Section 4 travels back to the city (filled with juicybars), with police officers in their motorcycles for protection until the Diaper Gang hijacks it and kills everyone, they initially succeed until they are intercepted by police android Geko, who slaughters the Diaper Gang members. Once all gone, Aachi and Ssipak return to the city. Aachi and Ssipak are street hoodlums who struggle to survive by trading black market Juicybars. Through a chain of events involving their porn-director acquaintance Jimmy the Freak, they meet a porn star named Beautiful, who gets a pink ring inside her butt which makes her defecations rewarded by exceptional quantities of Juicybars. For that reason, Beautiful is persuaded by Aachi and Sspipak to stay with them, acting as her manager (Aachi) and her bodyguard/lover (Ssipak). Meanwhile, the Diaper Gang's leader, The Diaper King, unimpressed by Jimmy for failing to secure Beautiful for him, murders him.

Together, the three become juicy bar tycoons, making their way to the top of the juicy bar trade, even exceeding the organized gangs that they once worked for. Eventually, both the Diaper Gang, and the city's police force, find out about Beautiful's involvement with Aachi and Ssipak, and go to intercept her. At the same time, Beautiful makes a deal with the organized gangs to cut out both of them in exchange for a larger share. The three separate groups all attack the trio at once, and a firefight ensues, resulting the deaths of the organized gang, and a massive bike chase throughout the city. The three are eventually intercepted by Geko, who apprehends beautiful and slaughters many of the Diaper Gang's members, but fails to kill the Diaper King, who distracts him with a decoy long enough to kill him.

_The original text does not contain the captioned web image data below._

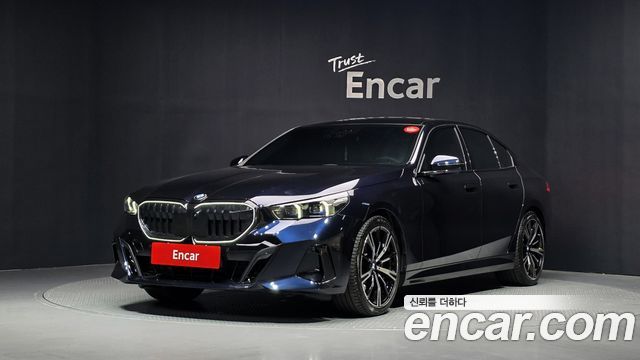 BMW 5-Series 2026 — photo 1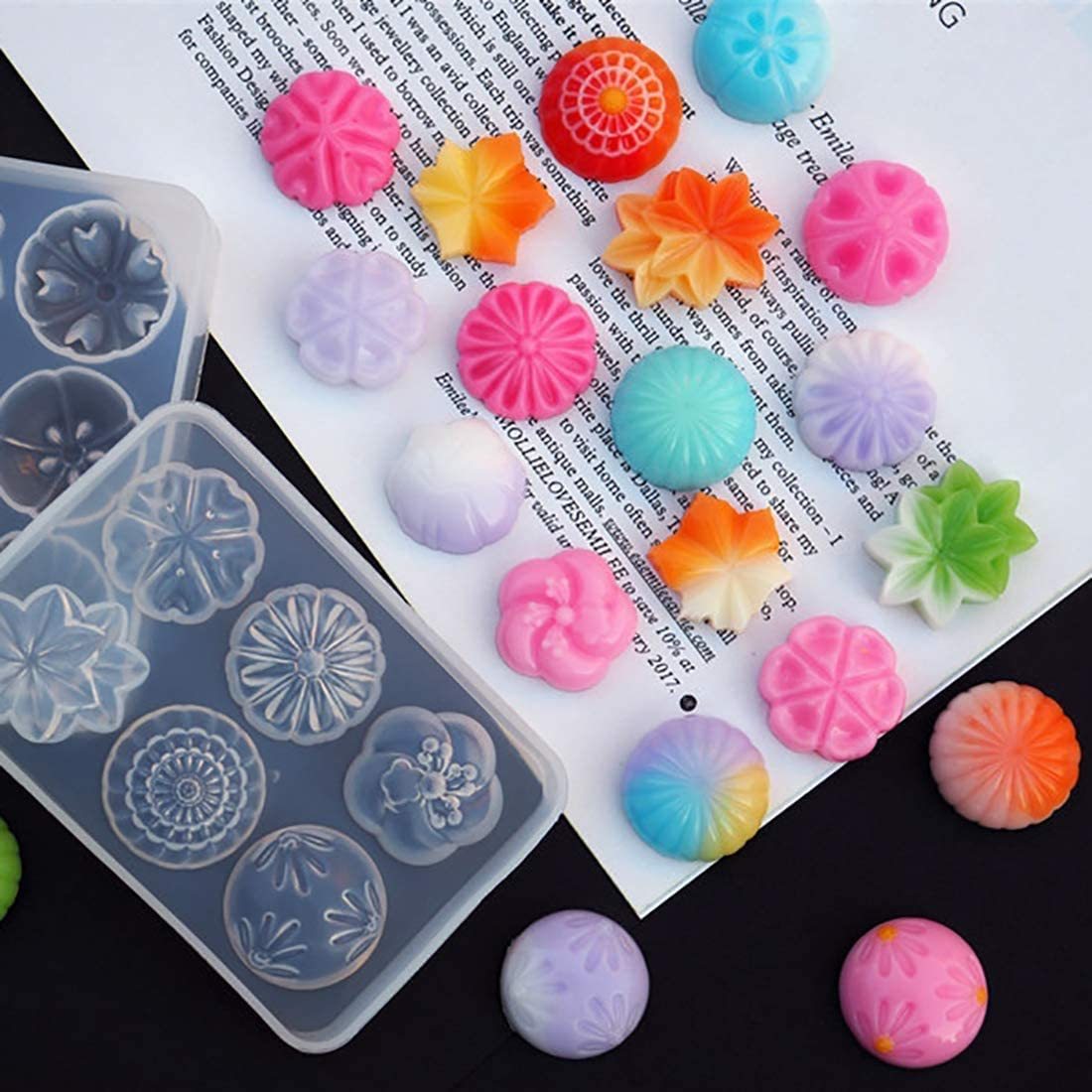 シリコンモールド 和菓子形 花 葉 シリコン モールド レジン UVレジン エポキシ樹脂 アロマストーン 手作り 石鹸 キャンドル 樹脂 粘土 オルゴナイト 型 抜き型 12種類 菱形 星 蝶 扇子 花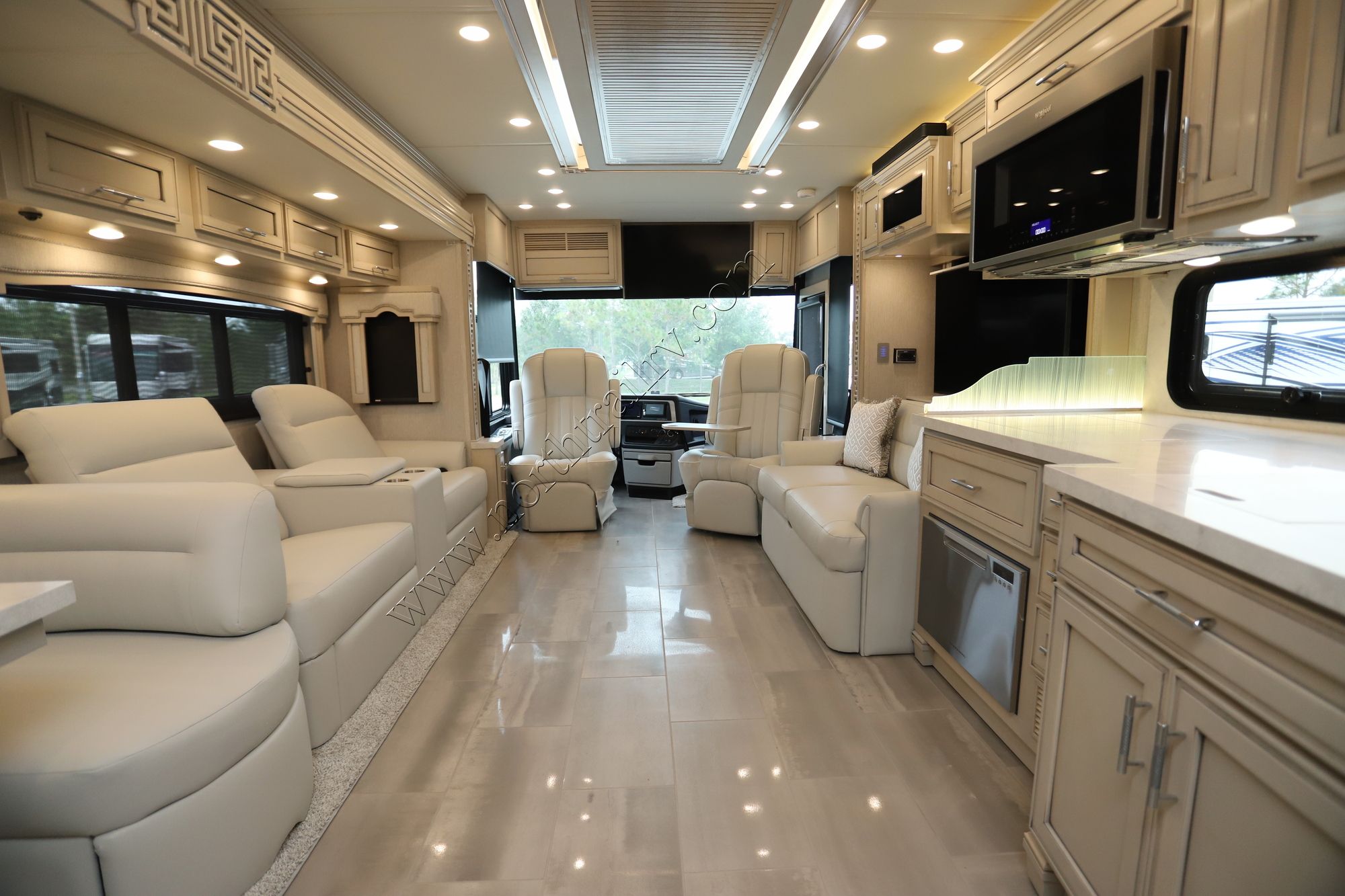 New 2023 Newmar Ventana 4326 Class A  For Sale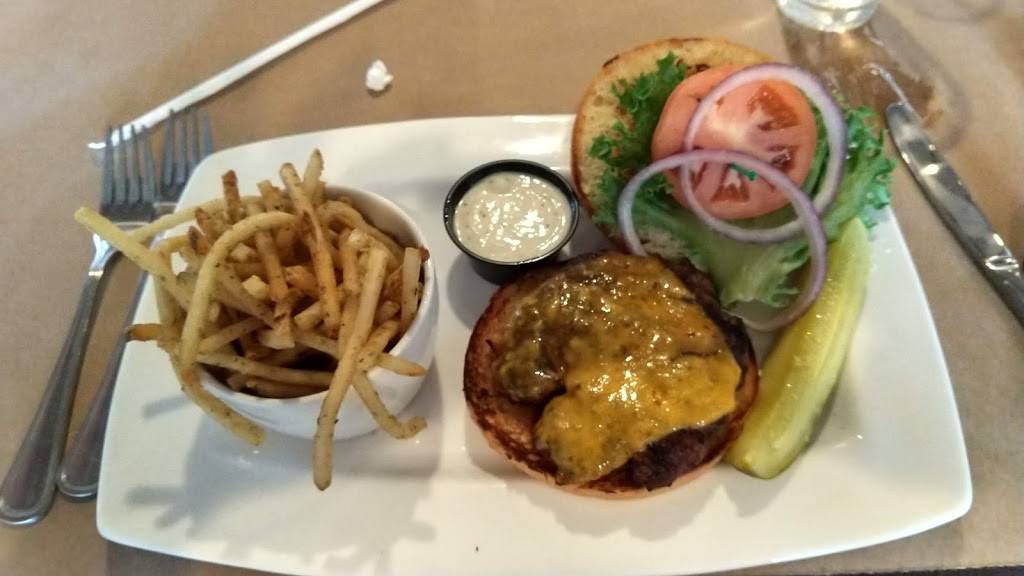 Holley Falls Bar & Grill | restaurant | 1 Public Square, Holley, NY 14470, USA | 5856382212 OR +1 585-638-2212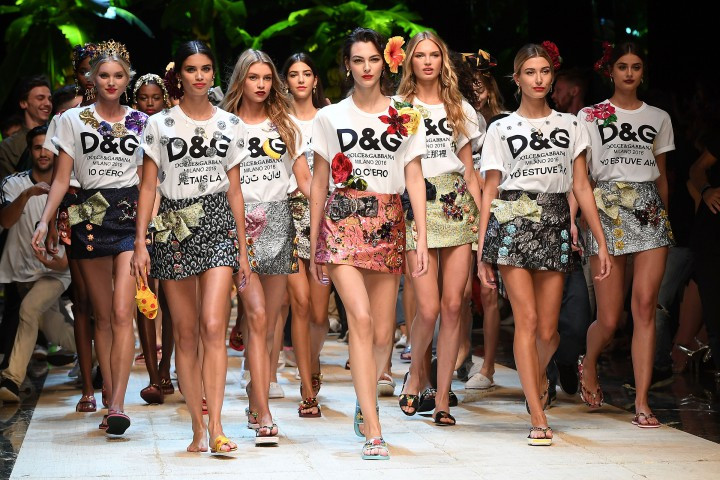 dolce-and-gabbana-spring-summer-2017-milan-fashion-week-shows-sn-main-l_VOGUE.jpg
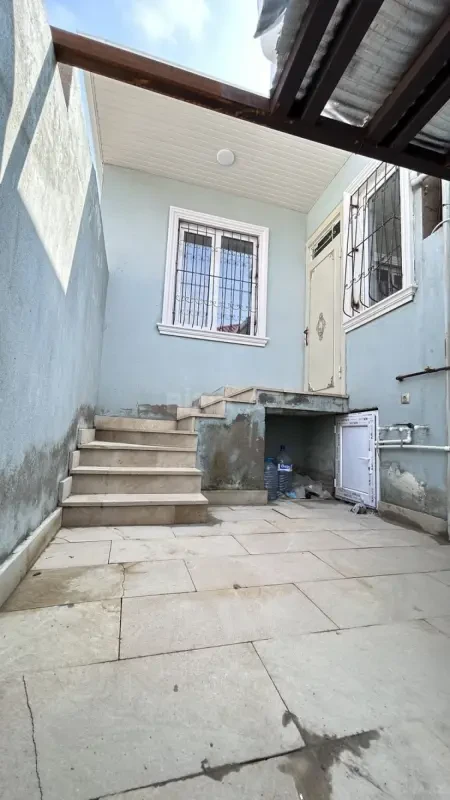 Satılır 3 otaqlı həyət evi 55 m²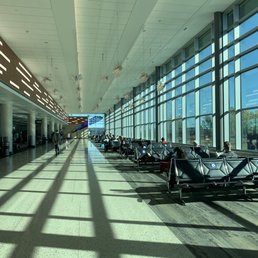 Beautiful airport MSP TERMINAL TWO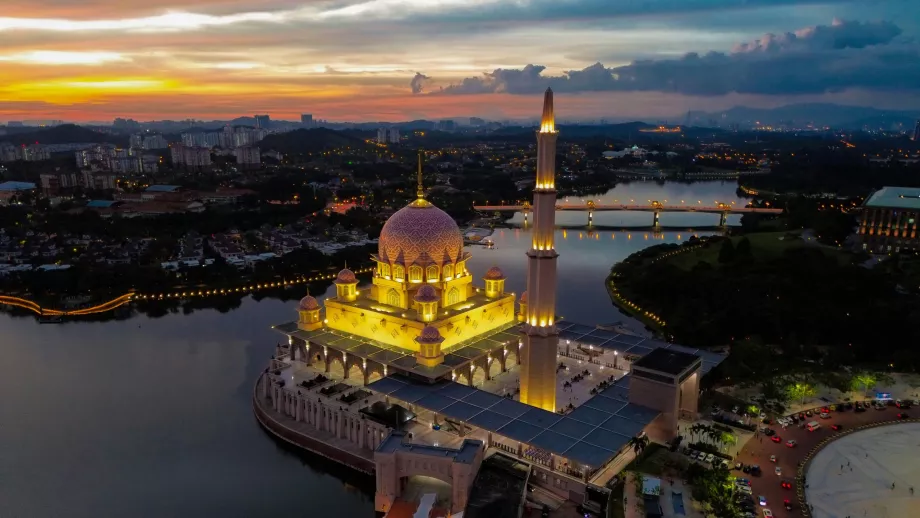 Putrajaya bei Nacht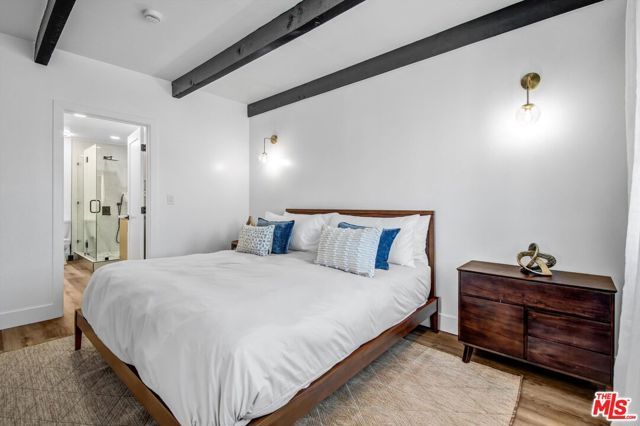 1083 Montauk Lane 2, Ventura, CA 93001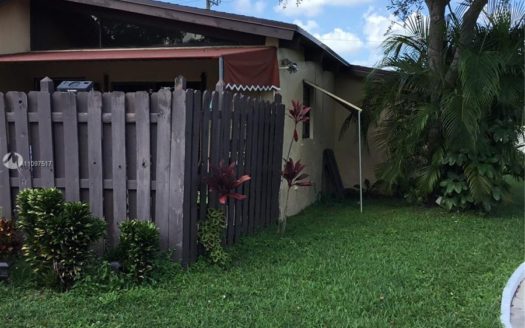 495 Briarwood Cir, Hollywood, FL 33024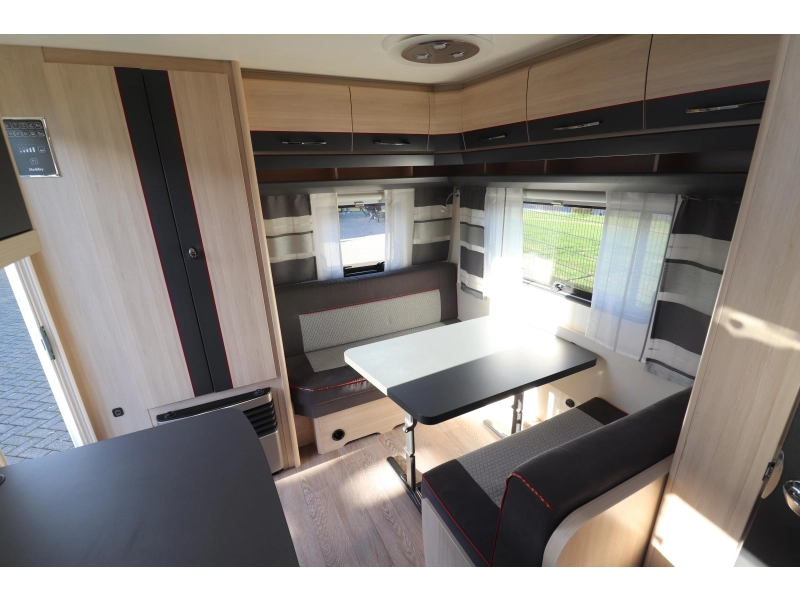 Hobby De Luxe Edition 440 SF Mover/ Unico/ Fdrager  foto: 11
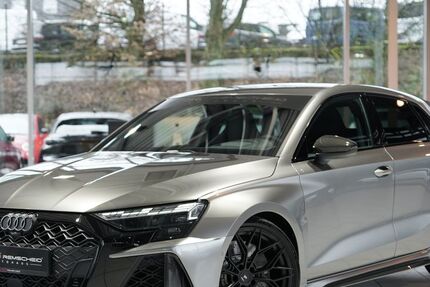Audi RS3 9.500 km 62.900 &euro; Remscheid/NRW 42855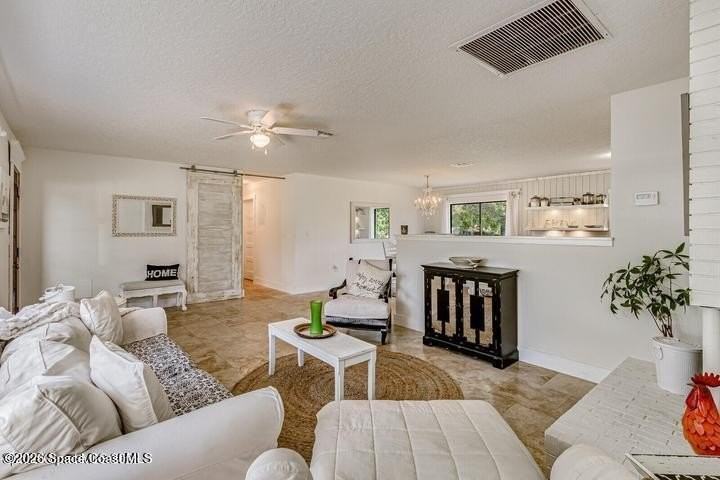 315 Kenzel Ct - Photo 3 of 14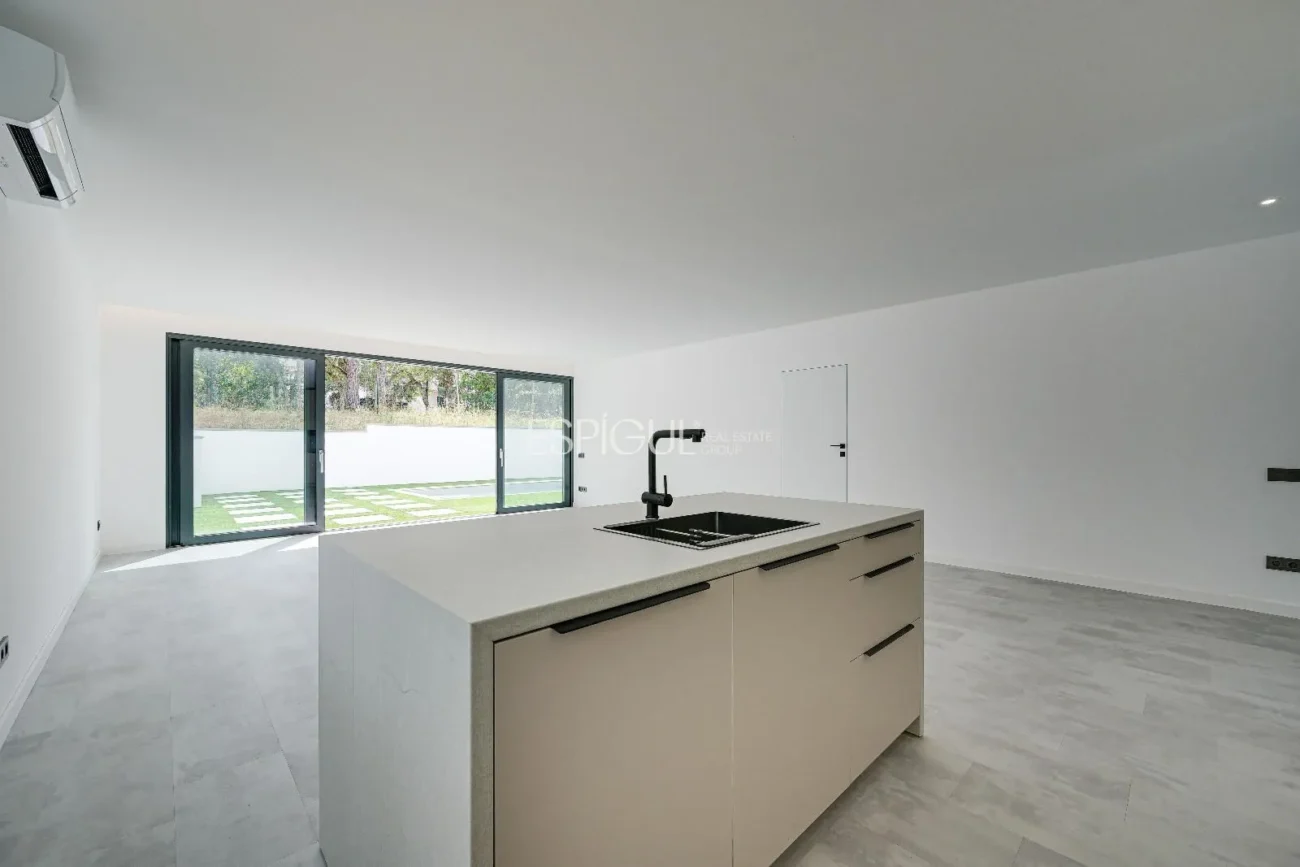 Confort i disseny a Llagostera – Habitatge d’obra nova d’una planta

Without Geko to help enforce the city's police, and an unknown traitor assisting them, the Diaper Gang takes over the city, and Aachi and Ssipak have a falling out. The two go their separate ways, with Aachi returning to his life as a street hoodlum (and failing without Ssipak), and Ssipak going after Beautiful on his own. The city's child-like police chief has the insane doctor who created Geko rebuild him, while Aachi and Ssipak reunite to try and find Beautiful. While Geko is undergoing his repairs, The Diaper King recruits the doctor to join his side, and kills the police chief's treacherous second in command, who betrayed the chief in favor of the Diaper Gang.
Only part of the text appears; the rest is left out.